Why did three (more or less) responsible adults upend their lives to make Linkitz? Because it’s fun! Obviously. But since I'll need at least one more reason to make a proper post out of this, we're doing it because Linkitz is the kind of toy that we love: the kind that helps kids grow and develop.
We all have toys that we remember fondly. Sometimes it’s an attachment to the object itself. Somewhere I still have the plastic turtle that sat on—and that I thought was much more fun than—my grandparents’ piano. With other toys, what sticks with you isn't the object, it's what you did with it.
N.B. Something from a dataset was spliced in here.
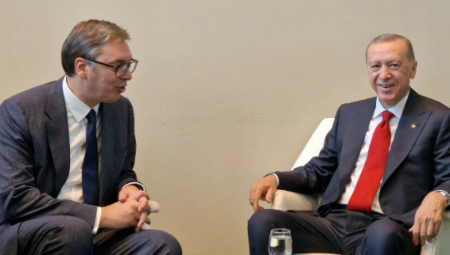 VUČIĆ ČESTITAO ERDOGANU ROĐENDAN Predsednik Srbije razgovarao sa liderom Turske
For me this was a junior carpentry ‘kit’ that I got when I was four or five. It was a home-made kid-sized wooden work bench with a box full kid-sized hammers, chisels, saws and drills. Don’t worry! They were all hand-powered; even on a farm, four years old is considered just a liiiiitttle too young to use power tools without supervision. I don’t have any of those tools any more; I don’t even remember what most of them looked like. What I remember is what I did with them. The feeling of excitement and satisfaction at being able to make things, to change things, and to affect my environment was thrilling.
I remember that feeling so vividly because it was an important milestone. For kids around that age (say Pre-K to grade 2), developing a sense of autonomy is their biggest challenge. They need to test their abilities and to assure themselves that they are capable of changing their world. In a kid's mind these years are a constant tug-o-war between the thrill of proving their autonomy and the shame and helplessness they feel when they fail to do so (shout-out to Marina Bers, whose book Designing Digital Experiences provides at least ¾ of that metaphor).
I see Linkitz as an updated version of that kid-sized workshop. It’s fun to play with, but it also gives you the tools to build something, and to put your stamp on the world. And that can be the most thrilling way to play of all.